Serialization madness, Unicode edition
Yesterday we were debugging an issue in XML serialization where only a portion of the document was getting deserialized before we encountered an error. It was a strange error, where it looked like when reading the XML the XML document abruptly ended. Chasing this problem down, however, was a bit of a struggle. Here’s the pipeline that got executed:
- Base 64 Decode
- GZip Decompress
- UTF8 Decode
- JSON Deserialize
- XML Serialize
- UTF8 Encode
- (Send message along the wire)
- UTF8 Decode
- XML Deserialize
Somewhere along the line, the Unicode “NUL” character crept in (U+0000) and the XML deserializer interpreted this as “end of document”. But tracing this back was obviously a bit of a challenge.

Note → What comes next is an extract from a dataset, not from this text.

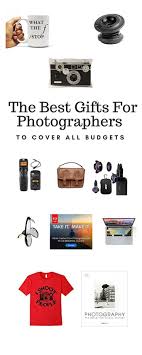 The Best Gifts For Photographers To Cover All Budgets Travel With Meraki Photographer Gifts Gifts For Photographers Photography Gifts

We found the problem in the XML deserialization step, which was originally derived from an UTF8-encoded version of an XML-serialized object, that originated from a JSON-deserialized, UTF8-decoded, gzip-decompressed, Base-64 decoded string (that was also originally embedded in an XML document).
The fix came in something simple – something along the way treated “nulls” as Unicode null for serialization, so it was really just a matter of replacing the text in the JSON string for Unicode null (u+0000) with the text “null” for actual JSON null, and everything worked again.
It all worked, but I wonder if we could have fit a couple more steps in the pipeline, maybe encryption/signing for fun?